• [What you will do] Copy out the entries below exactly as they stand, but only from the line containing "2x stuks muffins" through the line containing "Obraz premium Pixel".

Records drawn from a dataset
########
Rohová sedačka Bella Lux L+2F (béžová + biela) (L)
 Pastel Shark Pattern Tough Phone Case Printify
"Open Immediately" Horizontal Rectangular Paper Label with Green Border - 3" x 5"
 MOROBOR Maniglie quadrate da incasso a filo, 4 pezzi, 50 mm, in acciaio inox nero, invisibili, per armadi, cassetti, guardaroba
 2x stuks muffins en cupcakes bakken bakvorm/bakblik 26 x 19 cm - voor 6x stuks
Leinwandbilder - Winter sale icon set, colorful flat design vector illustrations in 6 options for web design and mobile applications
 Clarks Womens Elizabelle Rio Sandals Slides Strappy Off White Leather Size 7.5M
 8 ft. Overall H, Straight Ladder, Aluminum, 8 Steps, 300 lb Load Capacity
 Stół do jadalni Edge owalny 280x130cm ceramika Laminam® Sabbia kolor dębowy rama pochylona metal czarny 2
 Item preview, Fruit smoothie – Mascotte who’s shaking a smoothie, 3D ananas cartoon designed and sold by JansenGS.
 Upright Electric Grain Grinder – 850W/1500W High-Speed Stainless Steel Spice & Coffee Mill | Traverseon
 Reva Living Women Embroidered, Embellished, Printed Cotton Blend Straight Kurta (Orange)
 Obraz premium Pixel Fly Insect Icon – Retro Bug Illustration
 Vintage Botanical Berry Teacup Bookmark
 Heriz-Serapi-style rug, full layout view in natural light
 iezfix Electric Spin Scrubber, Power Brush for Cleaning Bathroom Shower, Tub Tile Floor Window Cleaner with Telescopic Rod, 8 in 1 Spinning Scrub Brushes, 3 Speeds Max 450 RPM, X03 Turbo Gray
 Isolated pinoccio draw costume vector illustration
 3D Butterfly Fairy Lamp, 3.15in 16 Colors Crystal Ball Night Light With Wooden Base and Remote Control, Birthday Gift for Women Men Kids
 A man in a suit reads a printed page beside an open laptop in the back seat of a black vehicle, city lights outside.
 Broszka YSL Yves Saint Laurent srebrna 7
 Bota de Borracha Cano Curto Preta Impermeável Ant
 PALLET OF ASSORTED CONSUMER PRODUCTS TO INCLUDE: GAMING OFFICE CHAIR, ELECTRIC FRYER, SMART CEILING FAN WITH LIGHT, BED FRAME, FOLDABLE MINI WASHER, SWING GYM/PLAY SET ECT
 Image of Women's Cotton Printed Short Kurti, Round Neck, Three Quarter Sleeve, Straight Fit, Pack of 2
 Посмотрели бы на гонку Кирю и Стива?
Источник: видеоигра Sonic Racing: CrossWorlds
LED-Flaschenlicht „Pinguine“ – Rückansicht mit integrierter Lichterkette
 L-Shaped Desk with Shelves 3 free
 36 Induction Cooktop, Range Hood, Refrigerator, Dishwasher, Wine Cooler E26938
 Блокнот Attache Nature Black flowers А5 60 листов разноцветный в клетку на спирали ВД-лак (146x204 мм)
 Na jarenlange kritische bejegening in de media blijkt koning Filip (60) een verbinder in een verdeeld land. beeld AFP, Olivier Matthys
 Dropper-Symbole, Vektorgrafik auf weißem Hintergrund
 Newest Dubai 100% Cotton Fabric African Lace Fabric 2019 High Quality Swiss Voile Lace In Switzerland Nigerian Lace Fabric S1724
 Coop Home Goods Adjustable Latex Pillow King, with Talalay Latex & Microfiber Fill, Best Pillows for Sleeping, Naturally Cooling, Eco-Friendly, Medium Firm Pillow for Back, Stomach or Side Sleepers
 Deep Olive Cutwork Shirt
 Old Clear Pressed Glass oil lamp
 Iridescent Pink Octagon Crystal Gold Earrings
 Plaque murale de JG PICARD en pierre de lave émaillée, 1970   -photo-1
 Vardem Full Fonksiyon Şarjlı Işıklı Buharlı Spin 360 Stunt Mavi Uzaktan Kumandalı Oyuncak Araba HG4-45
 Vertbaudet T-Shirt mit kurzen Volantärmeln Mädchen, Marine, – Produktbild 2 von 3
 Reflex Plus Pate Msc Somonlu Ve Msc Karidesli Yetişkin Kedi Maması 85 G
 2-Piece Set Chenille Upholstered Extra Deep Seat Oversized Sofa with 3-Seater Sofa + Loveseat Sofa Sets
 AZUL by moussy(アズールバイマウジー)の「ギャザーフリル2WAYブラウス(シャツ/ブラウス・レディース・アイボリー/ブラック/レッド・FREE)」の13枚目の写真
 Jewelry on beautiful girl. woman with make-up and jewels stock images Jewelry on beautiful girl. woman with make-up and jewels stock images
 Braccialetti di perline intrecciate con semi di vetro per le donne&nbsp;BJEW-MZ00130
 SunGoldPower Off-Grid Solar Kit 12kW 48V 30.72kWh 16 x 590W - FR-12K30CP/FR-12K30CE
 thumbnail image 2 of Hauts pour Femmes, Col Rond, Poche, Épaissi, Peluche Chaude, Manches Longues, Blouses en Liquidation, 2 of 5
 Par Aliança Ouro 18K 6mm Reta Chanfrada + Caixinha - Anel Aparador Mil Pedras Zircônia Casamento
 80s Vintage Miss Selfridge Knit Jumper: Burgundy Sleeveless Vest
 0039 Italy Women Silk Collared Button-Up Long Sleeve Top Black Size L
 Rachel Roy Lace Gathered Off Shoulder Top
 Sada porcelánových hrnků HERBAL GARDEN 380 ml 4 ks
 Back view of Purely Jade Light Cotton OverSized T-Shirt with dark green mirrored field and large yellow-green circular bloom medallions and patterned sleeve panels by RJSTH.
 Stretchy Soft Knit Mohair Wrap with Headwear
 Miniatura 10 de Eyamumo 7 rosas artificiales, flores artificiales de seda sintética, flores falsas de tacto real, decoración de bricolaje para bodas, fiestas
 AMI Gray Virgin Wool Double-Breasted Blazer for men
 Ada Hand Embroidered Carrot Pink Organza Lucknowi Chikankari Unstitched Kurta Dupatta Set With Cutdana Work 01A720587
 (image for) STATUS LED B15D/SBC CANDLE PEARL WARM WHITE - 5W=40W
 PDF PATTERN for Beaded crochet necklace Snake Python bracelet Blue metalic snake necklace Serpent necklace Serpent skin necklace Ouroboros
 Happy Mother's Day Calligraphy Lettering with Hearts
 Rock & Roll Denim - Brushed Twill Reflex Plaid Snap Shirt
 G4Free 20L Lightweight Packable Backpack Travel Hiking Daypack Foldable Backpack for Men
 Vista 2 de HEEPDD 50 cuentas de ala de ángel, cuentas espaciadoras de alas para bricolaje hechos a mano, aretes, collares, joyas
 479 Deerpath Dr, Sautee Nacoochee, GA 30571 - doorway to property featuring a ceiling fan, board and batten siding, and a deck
########
• [Result of the exercise]
 2x stuks muffins en cupcakes bakken bakvorm/bakblik 26 x 19 cm - voor 6x stuks
Leinwandbilder - Winter sale icon set, colorful flat design vector illustrations in 6 options for web design and mobile applications
 Clarks Womens Elizabelle Rio Sandals Slides Strappy Off White Leather Size 7.5M
 8 ft. Overall H, Straight Ladder, Aluminum, 8 Steps, 300 lb Load Capacity
 Stół do jadalni Edge owalny 280x130cm ceramika Laminam® Sabbia kolor dębowy rama pochylona metal czarny 2
 Item preview, Fruit smoothie – Mascotte who’s shaking a smoothie, 3D ananas cartoon designed and sold by JansenGS.
 Upright Electric Grain Grinder – 850W/1500W High-Speed Stainless Steel Spice & Coffee Mill | Traverseon
 Reva Living Women Embroidered, Embellished, Printed Cotton Blend Straight Kurta (Orange)
 Obraz premium Pixel Fly Insect Icon – Retro Bug Illustration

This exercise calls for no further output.